= Input data =
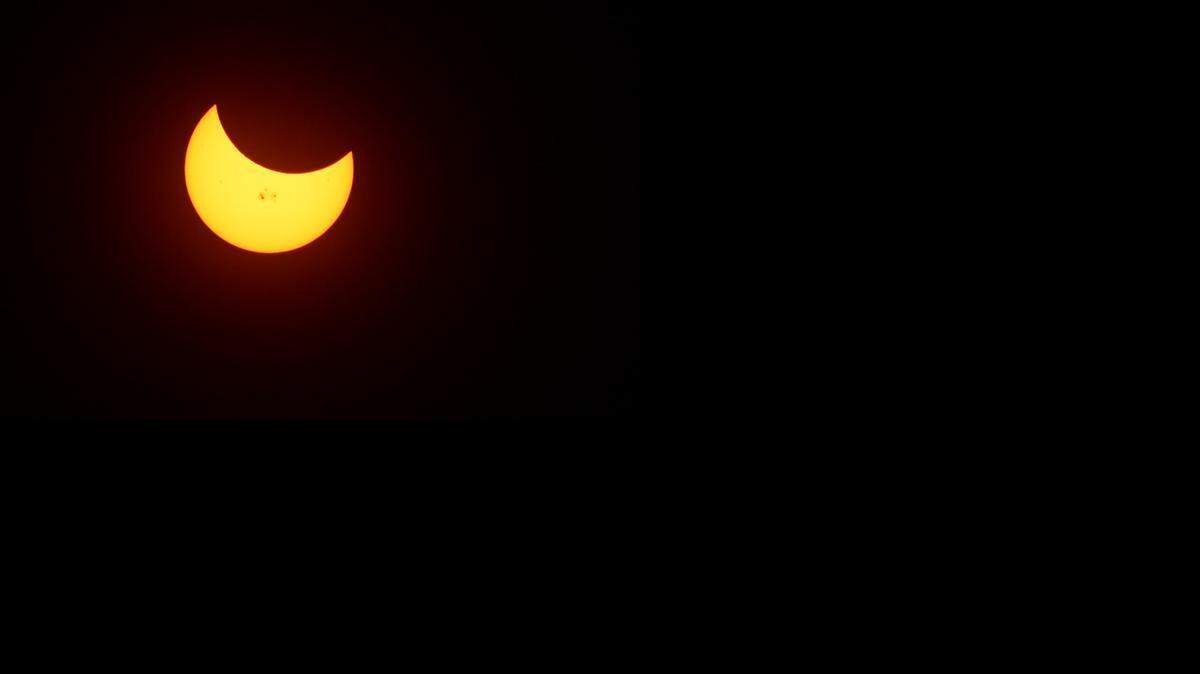 
The partial solar eclipse on Thursday afternoon from Modesto is photographed through a special solar filter.
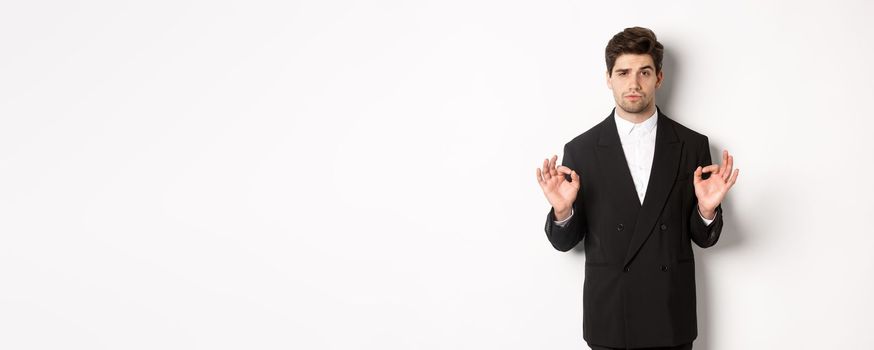 Concept of new year party, celebration and lifestyle. Portrait of confident good-looking man in black suit, showing okay sign and approve something, standing over white background.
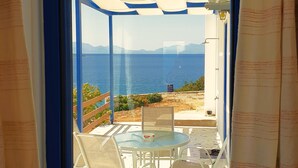 A room with a large window overlooking a scenic view of the sea and mountains. - Sea View Holiday House (Archangelos)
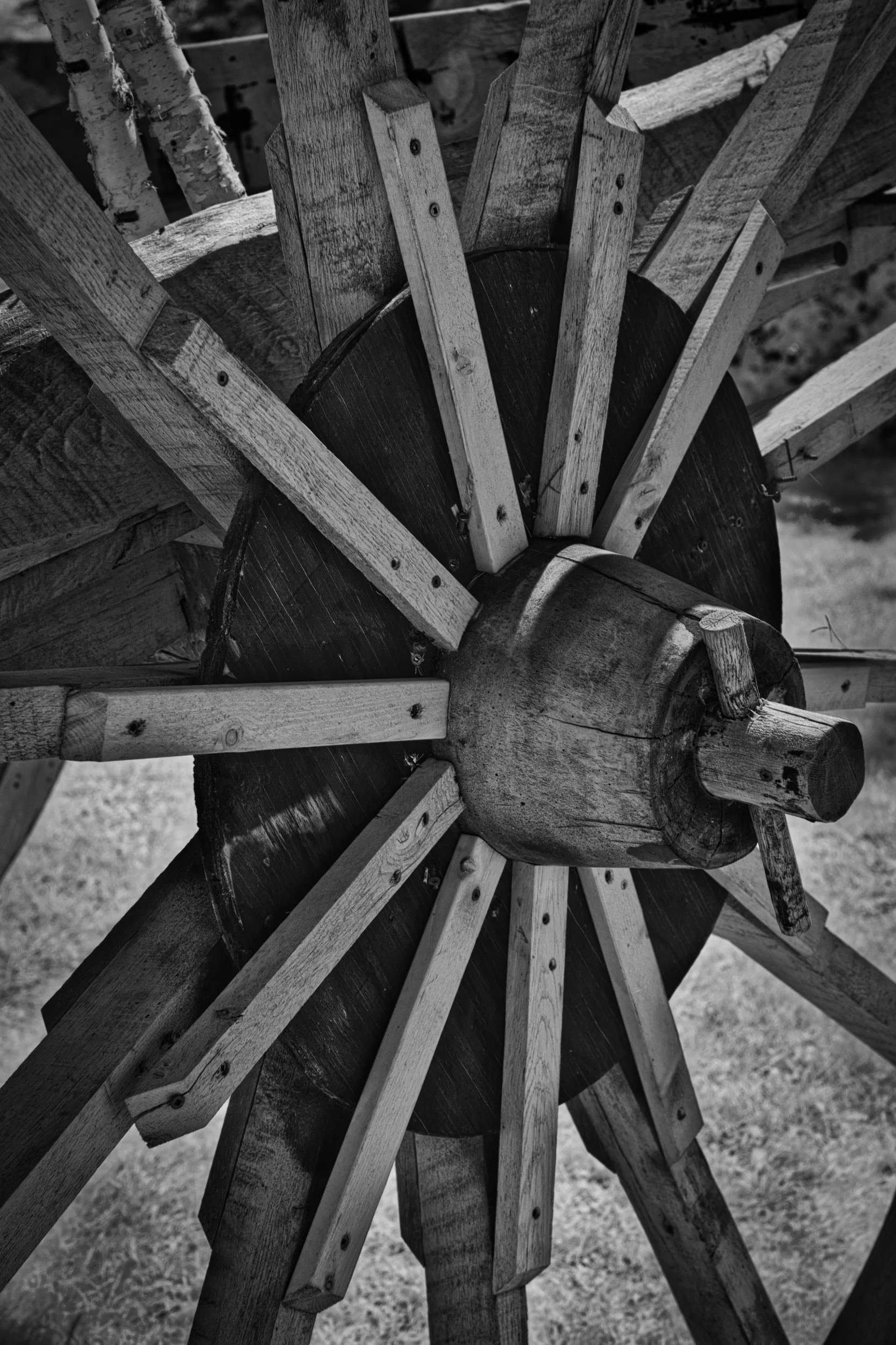 Close-up of a wooden geometric sculpture with interlocking wooden pieces, in black and white.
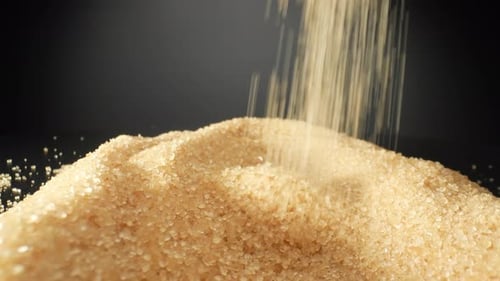 Golden brown sugar delicately cascading onto a sleek black background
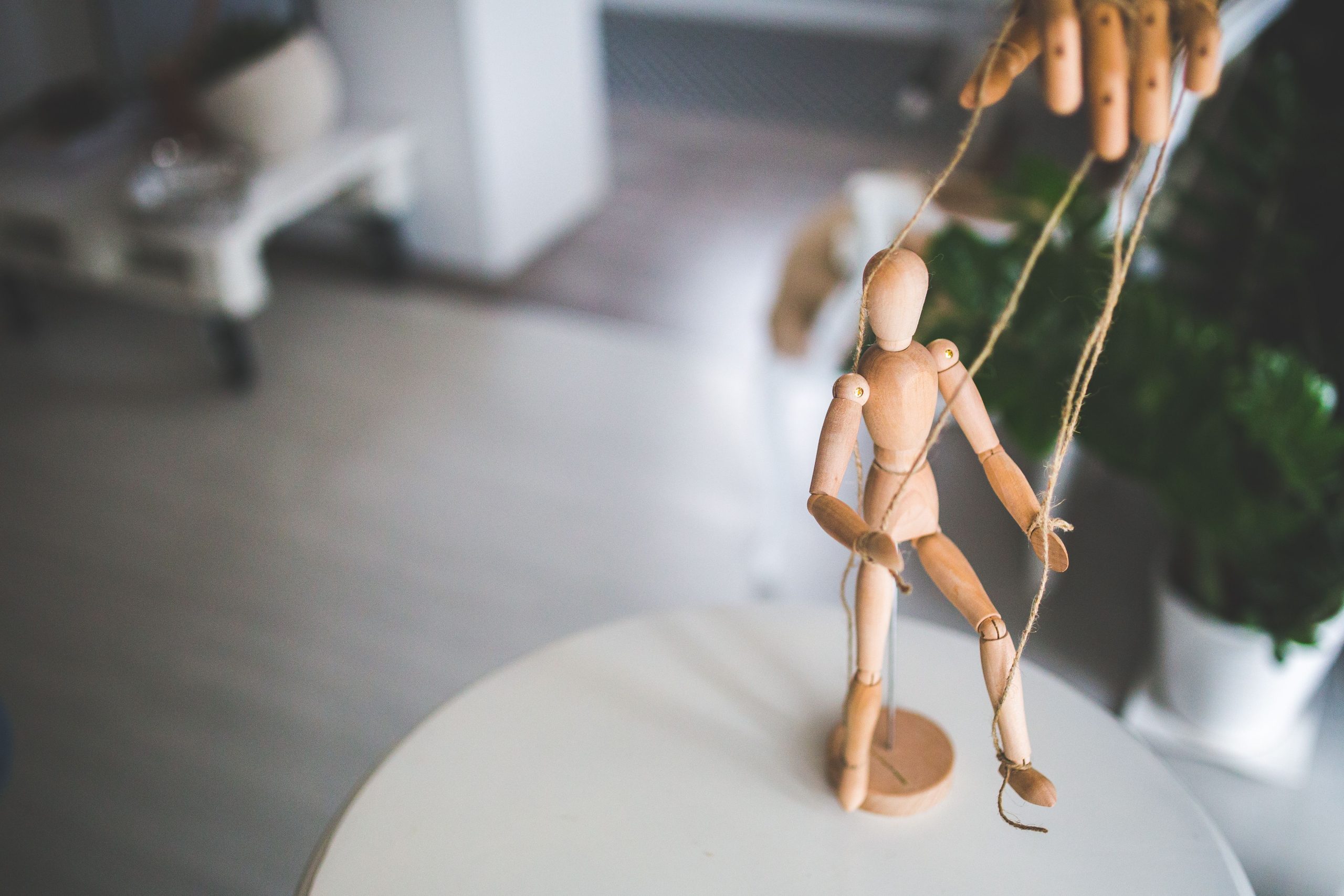 Close-up of a wooden marionette controlled by strings indoors. Artistic representation of control and manipulation. Gros plan d'une marionnette en bois contrôlée par des cordes à l'intérieur. Représentation artistique du contrôle et de la manipulation.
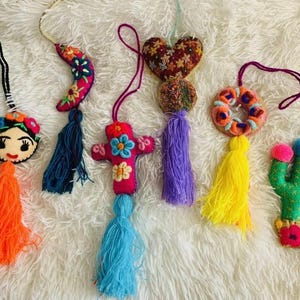 May include: A collection of colorful, handmade fabric ornaments. Designs include a Frida Kahlo face, a crescent moon, a cross, a heart, a wreath, and a cactus. Each ornament has a tassel and a string for hanging.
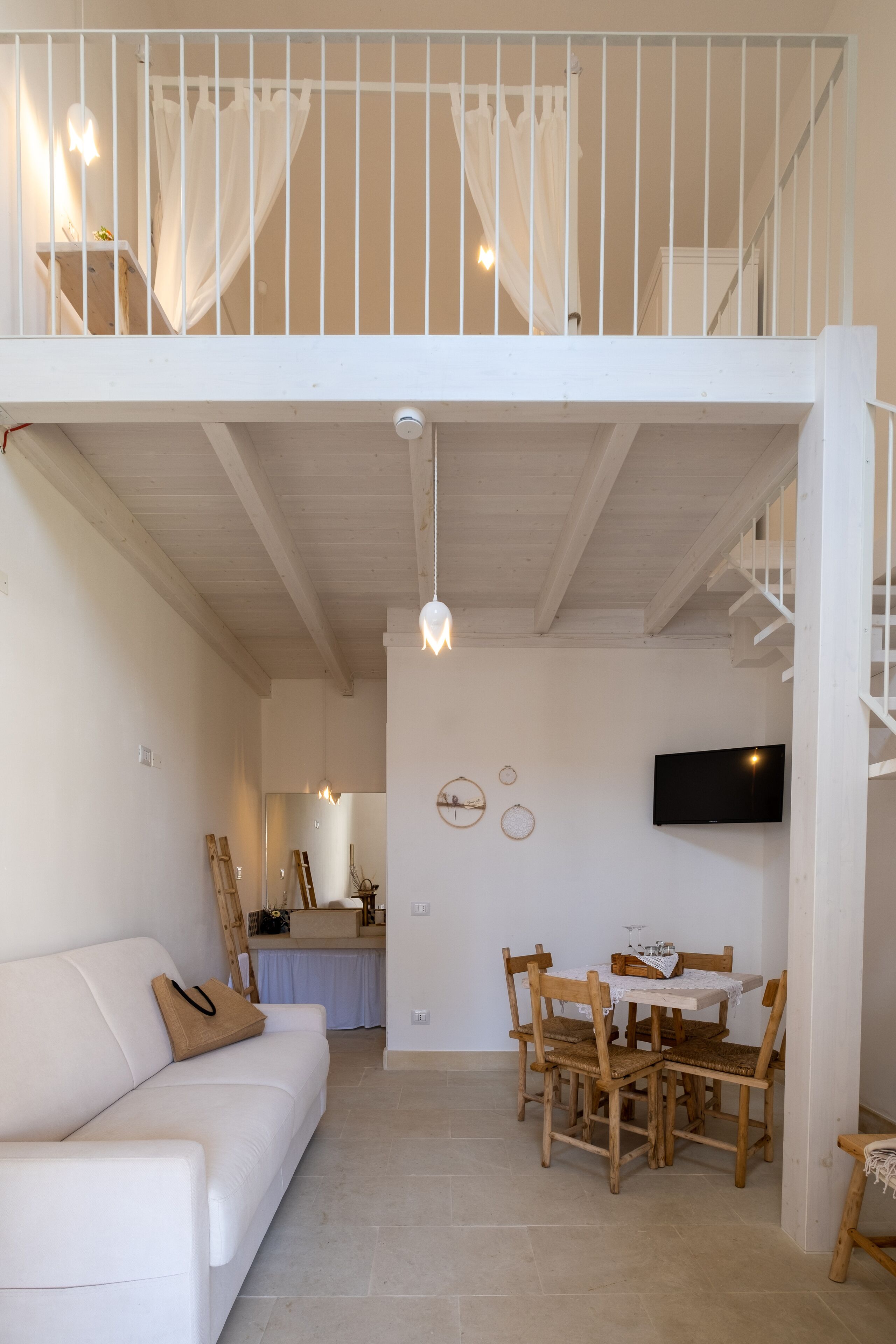 A spacious living area with a white sofa, wooden dining table, and chairs. A TV is mounted on the wall, and a staircase leads to an upper level.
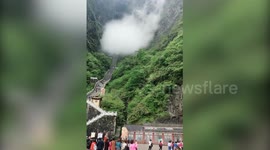 Stunning fog passes through China's famed Tianmen Cave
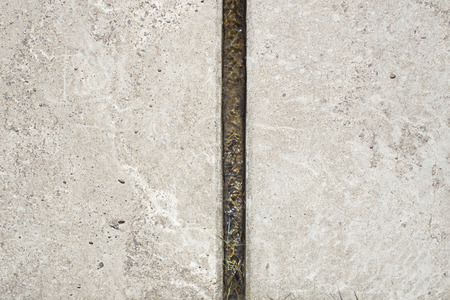 narrow water channel between two huge concrete tilesの写真素材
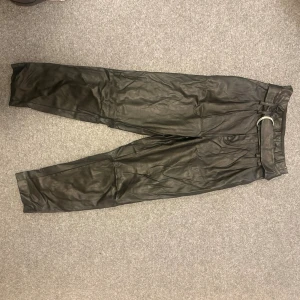 Svarta skinnbyxor med bälte - Snygga svarta skinnbyxor med tillhörande bälte och raka ben. Byxorna har hög midja och en stilren look som passar perfekt till en trendig outfit. Materialet är skinnimitation och ger en cool vibe. Perfekta för dig som vill sticka ut lite extra.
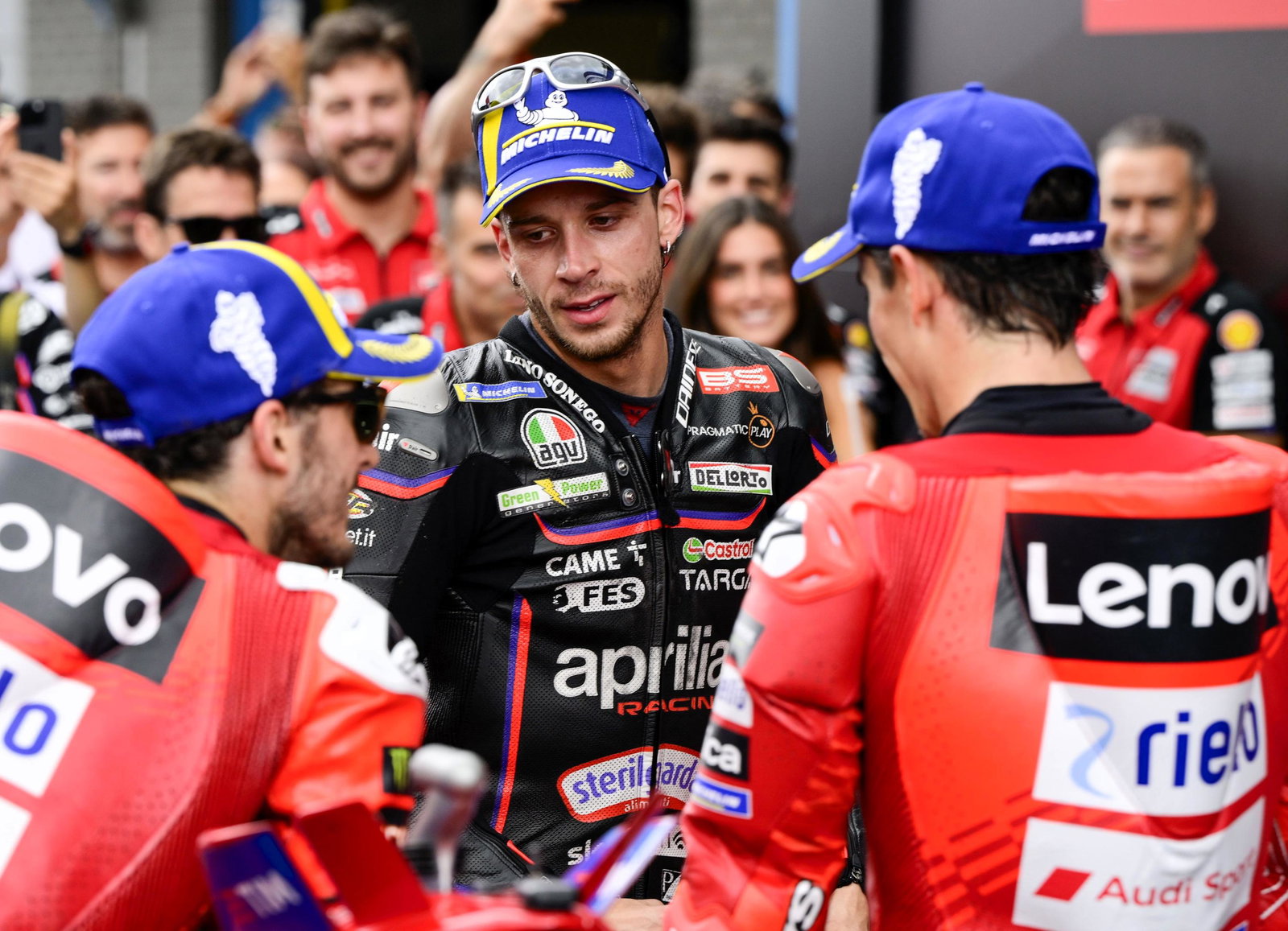 Marco Bezzecchi in parc ferme with factory Ducati riders Marc Marquez and Francesco Bagnaia.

= What needs to be done =
No pictures should appear in the copy, which holds exactly the lines from the first line of the data through the line with "Golden brown sugar" and nothing else.

= Answer area =
The partial solar eclipse on Thursday afternoon from Modesto is photographed through a special solar filter.
 Concept of new year party, celebration and lifestyle. Portrait of confident good-looking man in black suit, showing okay sign and approve something, standing over white background.
 A room with a large window overlooking a scenic view of the sea and mountains. - Sea View Holiday House (Archangelos)
 Close-up of a wooden geometric sculpture with interlocking wooden pieces, in black and white.
 Golden brown sugar delicately cascading onto a sleek black background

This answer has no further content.